UC2 Energy communities & energy markets
Framing the use case
The section describes the FAIRification work undertaken in the use case "Energy communities & energy markets of the EERAdata project. The Energy-by-the-people (ENBP) database was FAIRified and published open access.
Ordinary citizens are coming together through collective initiatives to play an active role in the low carbon transition. Citizen-led energy projects have grown over the past years to produce, distribute, and consume energy from renewable sources while being governed democratically and benefits accruing locally. Statistical evidence going beyond the perspective of single case studies has been lacking. The new database available open access from dataverse.no provides data on more than 10,000 initiatives and 16,000 production units in 30 European countries, focusing on the past 20 years.
Statistics are essential for quantifying the impact of citizen-led engagement in the energy transition. The FAIR and open database can be used to support the construction of likely trajectories for citizen engagement. Data helps with monitoring, goal and policy setting, and impact evaluation of these initiatives, which is increasingly needed to support evidence-based policy action in this field.

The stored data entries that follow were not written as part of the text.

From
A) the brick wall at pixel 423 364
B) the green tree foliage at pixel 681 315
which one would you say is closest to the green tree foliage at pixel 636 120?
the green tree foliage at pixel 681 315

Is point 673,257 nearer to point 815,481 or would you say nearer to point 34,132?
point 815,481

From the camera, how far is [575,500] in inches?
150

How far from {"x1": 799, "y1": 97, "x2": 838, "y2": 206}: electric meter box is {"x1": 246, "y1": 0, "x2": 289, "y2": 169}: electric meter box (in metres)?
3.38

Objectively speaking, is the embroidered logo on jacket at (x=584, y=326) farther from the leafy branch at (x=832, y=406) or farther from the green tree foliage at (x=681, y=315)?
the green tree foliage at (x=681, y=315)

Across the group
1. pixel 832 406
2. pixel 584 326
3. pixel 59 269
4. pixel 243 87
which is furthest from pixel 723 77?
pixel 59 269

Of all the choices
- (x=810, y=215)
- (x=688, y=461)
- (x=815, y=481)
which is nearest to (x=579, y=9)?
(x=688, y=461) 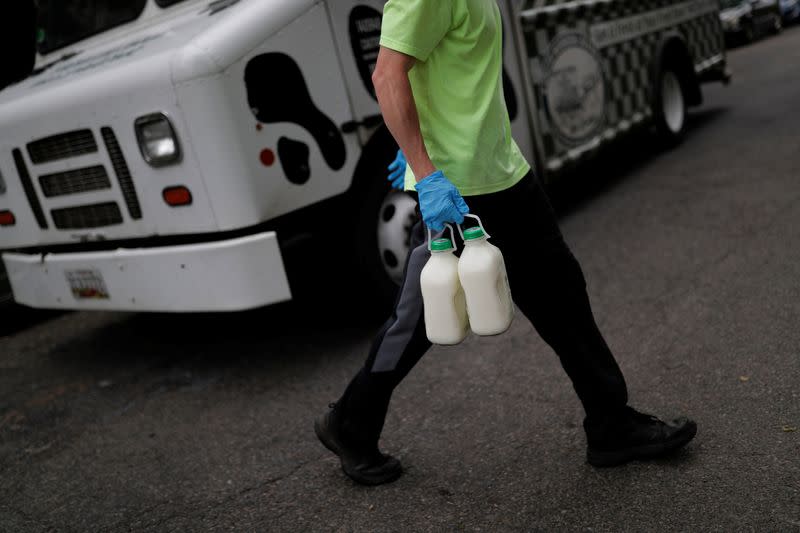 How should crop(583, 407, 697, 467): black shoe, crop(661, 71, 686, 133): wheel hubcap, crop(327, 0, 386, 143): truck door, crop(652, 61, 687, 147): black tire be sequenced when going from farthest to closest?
crop(661, 71, 686, 133): wheel hubcap < crop(652, 61, 687, 147): black tire < crop(327, 0, 386, 143): truck door < crop(583, 407, 697, 467): black shoe

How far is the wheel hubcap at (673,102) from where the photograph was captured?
24.1 ft

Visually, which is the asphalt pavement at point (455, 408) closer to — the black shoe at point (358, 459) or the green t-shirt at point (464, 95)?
the black shoe at point (358, 459)

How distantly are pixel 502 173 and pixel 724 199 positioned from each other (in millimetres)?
3641

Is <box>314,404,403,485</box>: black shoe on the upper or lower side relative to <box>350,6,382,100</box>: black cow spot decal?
Result: lower

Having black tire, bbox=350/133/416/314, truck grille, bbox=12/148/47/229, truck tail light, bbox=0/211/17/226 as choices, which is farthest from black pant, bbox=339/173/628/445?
truck tail light, bbox=0/211/17/226

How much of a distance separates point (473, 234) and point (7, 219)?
325 cm

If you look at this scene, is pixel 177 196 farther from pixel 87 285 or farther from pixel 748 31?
pixel 748 31

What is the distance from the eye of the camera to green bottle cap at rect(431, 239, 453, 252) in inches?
84.6

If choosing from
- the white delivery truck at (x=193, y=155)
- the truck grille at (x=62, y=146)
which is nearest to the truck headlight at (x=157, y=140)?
the white delivery truck at (x=193, y=155)

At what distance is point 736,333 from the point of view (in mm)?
3334

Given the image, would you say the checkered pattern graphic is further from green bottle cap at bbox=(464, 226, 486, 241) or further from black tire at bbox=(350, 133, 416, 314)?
green bottle cap at bbox=(464, 226, 486, 241)

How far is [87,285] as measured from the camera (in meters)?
4.01

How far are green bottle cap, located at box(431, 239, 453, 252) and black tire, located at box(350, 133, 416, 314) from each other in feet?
5.85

Low quality data and metadata are significant impediments for research activities and evidence-based policy making. These shortfalls decrease the ability to locate data and reuse by academia and policy planners. Metadata and data should be descriptive, complete, easy to find, accessible, and machine parsable to enable reuse. Through our FAIRification of a database on European energy communities, the data are now available open access and reuse is encouraged through classification standards and controlled vocabularies.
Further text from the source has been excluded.